Vers dix heures du matin, ma mère vint m’apprendre que le Roi permettait que je le suivisse dans l’appartement où toute la famille royale était rassemblée.

En passant près des fenêtres, je vis avec horreur la cour de marbre remplie de figures atroces ; c’était une cohue d’hommes et de femmes armés de fourches, de faux, de piques, et vociférant les plus horribles injures et les menaces les plus effrayantes, entremêlées des cris : Que le Roi paraisse ! que le Roi paraisse ! le Roi ! le Roi !

On représenta au Roi qu’il était nécessaire qu’il se montrât ; il s’avança sur le balcon.

Les cris Vive le Roi !… le Roi à Paris ! le Roi à Paris ! se firent entendre de tous côtés. Cette clameur grandissait de moment en moment, et l’on n’entendit plus que ces mots : À Paris ! à Paris !

Le Roi se retira, et de nouveaux cris s’élevèrent : La Reine ! la Reine !

Cette exigence de la foule causa un grand effroi à ceux qui étaient auprès de la Reine, et plusieurs personnes la supplièrent de ne point se montrer… Elle savait à quel point on avait enflammé contre elle les haines populaires ; qui pouvait dire pourquoi on l’appelait sur le balcon ? Les hommes qui avaient assassiné les gardes du corps pendant la nuit ne reculeraient pas devant un plus grand crime.

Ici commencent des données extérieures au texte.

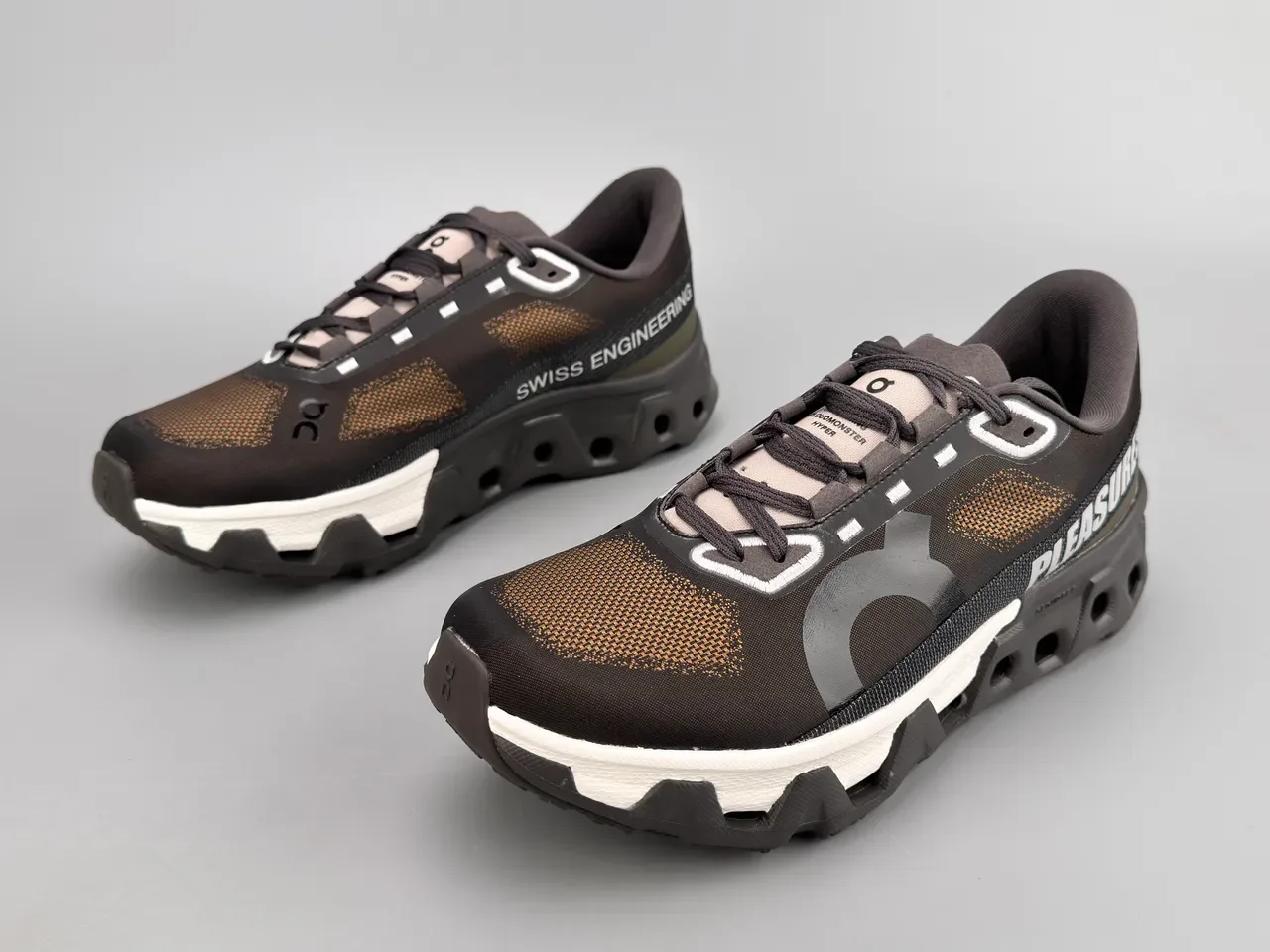 PLEASURES Black and White Lifestyle Sneakers 5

Rien n’obligeait la Reine à courir au-devant d’un danger certain.

À ce mot de danger, la Reine leva la tête et dit avec fermeté : « Je paraîtrai !… » Puis, saisissant ses enfants par la main, elle se présenta sur le balcon entre M. le Dauphin et Madame Royale.

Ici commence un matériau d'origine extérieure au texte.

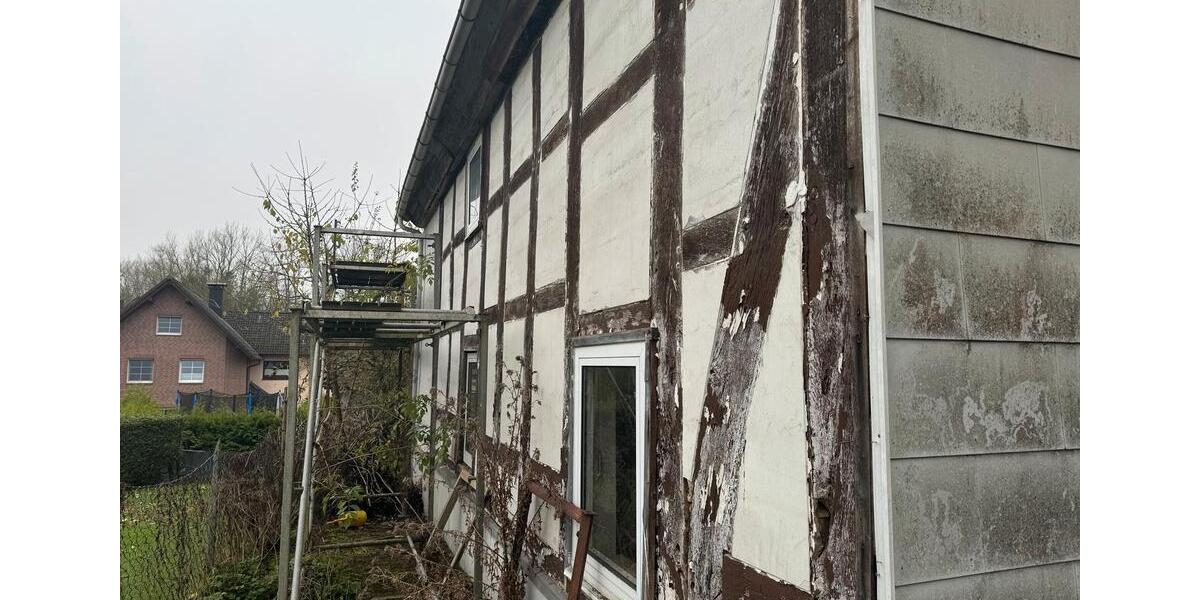 Bauernhaus, Landhaus Dörentrup - 8 Zimmer, 180 m&sup2;, 80.000&euro; | Angebot:26412500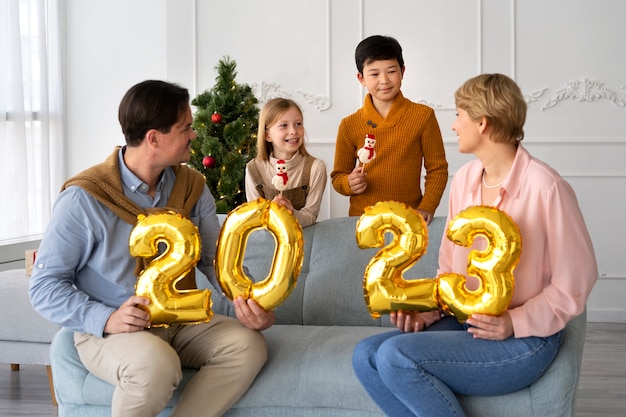4 Economical Methods to Celebrate the New Year with Your Children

« La Reine seule ! » s’écria une voix ; et bientôt toutes les voix reprirent : « La Reine seule ! »

La Reine, par un mouvement plus prompt que la pensée, repoussa ses enfants en arrière et demeura seule sur le balcon, en face de la multitude.

Ce courage imposa à la haine elle-même.

On n’entendit plus que ces cris : « Paris ! Paris ! » et la Reine se retira après avoir échappé, je crois, à un grand péril.

Un morne silence régnait dans l’appartement, on paraissait être dans l’attente de ce qui allait arriver… Il y eut beaucoup d’allées et venues, et nous apprîmes enfin que la famille royale partait pour Paris.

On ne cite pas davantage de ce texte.